Your objective:
Copy exactly the lines that run from the one containing "Polka-Dot Trim Pullover & Shorts Set" through the end of the entries, both ends included.

Data shown:

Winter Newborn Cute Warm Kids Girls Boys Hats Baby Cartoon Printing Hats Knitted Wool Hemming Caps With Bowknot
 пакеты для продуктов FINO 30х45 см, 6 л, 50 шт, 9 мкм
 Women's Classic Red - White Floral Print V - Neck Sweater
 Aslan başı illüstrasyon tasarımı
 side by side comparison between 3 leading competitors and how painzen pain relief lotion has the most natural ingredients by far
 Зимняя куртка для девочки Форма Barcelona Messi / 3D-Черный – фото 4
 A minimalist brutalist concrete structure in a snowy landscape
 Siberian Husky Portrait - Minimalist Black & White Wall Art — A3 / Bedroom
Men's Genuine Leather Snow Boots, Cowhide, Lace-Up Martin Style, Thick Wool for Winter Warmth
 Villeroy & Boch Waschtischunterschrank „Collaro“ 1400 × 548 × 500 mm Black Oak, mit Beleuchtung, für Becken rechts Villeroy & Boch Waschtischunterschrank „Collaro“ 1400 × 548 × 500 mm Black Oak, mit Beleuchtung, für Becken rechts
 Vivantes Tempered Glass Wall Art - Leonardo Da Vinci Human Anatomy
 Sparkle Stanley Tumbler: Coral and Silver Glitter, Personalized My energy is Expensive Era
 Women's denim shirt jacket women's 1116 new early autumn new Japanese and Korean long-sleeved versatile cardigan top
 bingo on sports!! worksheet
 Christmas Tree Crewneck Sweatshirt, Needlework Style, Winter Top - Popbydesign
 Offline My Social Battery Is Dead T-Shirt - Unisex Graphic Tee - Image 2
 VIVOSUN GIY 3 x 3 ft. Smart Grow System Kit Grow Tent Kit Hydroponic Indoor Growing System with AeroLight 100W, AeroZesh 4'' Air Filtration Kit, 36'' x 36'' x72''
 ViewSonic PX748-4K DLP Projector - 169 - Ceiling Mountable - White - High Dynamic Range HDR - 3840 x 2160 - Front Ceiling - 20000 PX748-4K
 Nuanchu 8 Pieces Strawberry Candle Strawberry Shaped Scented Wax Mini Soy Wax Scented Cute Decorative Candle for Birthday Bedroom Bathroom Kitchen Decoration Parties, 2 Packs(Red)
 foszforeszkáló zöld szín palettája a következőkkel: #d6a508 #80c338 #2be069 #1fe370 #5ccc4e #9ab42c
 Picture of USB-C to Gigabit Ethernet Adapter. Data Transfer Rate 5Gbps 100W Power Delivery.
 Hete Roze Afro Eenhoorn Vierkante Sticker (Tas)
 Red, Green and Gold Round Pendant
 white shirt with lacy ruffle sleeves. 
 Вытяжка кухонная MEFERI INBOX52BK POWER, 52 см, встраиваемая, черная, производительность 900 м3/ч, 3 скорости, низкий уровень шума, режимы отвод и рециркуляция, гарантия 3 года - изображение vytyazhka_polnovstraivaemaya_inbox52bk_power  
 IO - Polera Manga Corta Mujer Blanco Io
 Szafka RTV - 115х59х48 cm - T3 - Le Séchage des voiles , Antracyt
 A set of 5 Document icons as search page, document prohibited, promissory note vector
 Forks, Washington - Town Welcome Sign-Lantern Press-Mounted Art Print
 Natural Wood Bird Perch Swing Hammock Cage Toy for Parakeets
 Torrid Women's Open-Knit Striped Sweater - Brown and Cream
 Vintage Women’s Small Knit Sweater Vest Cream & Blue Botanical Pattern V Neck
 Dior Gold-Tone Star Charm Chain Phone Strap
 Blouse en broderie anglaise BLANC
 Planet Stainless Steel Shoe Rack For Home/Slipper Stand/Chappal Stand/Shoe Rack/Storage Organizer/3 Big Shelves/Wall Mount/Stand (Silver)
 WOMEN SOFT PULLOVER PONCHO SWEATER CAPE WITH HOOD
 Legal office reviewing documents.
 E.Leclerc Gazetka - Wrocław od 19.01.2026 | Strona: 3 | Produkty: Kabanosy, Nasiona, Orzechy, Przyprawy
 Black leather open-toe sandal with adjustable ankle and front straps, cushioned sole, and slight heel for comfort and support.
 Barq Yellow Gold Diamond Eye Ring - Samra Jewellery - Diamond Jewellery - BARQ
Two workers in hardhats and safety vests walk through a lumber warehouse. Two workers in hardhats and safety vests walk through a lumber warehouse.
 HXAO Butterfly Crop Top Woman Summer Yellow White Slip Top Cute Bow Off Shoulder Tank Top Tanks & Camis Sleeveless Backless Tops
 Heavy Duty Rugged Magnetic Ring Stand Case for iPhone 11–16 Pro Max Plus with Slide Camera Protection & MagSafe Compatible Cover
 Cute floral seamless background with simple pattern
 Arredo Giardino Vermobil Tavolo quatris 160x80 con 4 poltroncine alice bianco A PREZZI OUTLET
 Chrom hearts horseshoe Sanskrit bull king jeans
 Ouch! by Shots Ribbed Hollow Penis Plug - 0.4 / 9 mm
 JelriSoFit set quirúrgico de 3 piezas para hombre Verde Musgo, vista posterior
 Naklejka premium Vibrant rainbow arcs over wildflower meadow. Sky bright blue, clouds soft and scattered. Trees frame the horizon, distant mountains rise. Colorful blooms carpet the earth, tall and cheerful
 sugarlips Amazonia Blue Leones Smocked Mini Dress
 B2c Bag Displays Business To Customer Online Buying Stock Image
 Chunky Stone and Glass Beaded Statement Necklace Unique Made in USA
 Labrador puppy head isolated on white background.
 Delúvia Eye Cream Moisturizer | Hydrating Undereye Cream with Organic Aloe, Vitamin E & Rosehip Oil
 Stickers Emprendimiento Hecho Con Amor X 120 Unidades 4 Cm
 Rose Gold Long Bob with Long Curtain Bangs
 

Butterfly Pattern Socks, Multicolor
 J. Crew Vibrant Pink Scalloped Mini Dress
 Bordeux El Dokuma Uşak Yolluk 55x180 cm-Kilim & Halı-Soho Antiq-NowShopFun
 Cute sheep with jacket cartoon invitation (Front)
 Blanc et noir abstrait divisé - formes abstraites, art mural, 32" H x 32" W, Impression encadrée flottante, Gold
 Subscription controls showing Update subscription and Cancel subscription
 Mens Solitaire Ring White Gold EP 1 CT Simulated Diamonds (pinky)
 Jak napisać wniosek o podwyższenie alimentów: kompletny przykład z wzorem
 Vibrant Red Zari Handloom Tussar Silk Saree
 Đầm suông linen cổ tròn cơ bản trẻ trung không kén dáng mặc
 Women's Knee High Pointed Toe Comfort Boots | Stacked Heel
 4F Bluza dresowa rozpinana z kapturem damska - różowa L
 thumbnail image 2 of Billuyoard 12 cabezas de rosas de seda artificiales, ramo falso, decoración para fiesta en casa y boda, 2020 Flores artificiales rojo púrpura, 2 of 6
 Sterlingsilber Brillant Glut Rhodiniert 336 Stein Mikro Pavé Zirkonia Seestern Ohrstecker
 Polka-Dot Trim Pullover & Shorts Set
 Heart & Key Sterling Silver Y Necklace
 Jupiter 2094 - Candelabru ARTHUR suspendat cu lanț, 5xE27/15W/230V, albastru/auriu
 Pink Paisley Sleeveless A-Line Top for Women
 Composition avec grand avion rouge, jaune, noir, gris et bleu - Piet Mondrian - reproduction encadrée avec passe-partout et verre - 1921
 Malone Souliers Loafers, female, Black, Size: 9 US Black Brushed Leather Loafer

Solved problem:
 Polka-Dot Trim Pullover & Shorts Set
 Heart & Key Sterling Silver Y Necklace
 Jupiter 2094 - Candelabru ARTHUR suspendat cu lanț, 5xE27/15W/230V, albastru/auriu
 Pink Paisley Sleeveless A-Line Top for Women
 Composition avec grand avion rouge, jaune, noir, gris et bleu - Piet Mondrian - reproduction encadrée avec passe-partout et verre - 1921
 Malone Souliers Loafers, female, Black, Size: 9 US Black Brushed Leather Loafer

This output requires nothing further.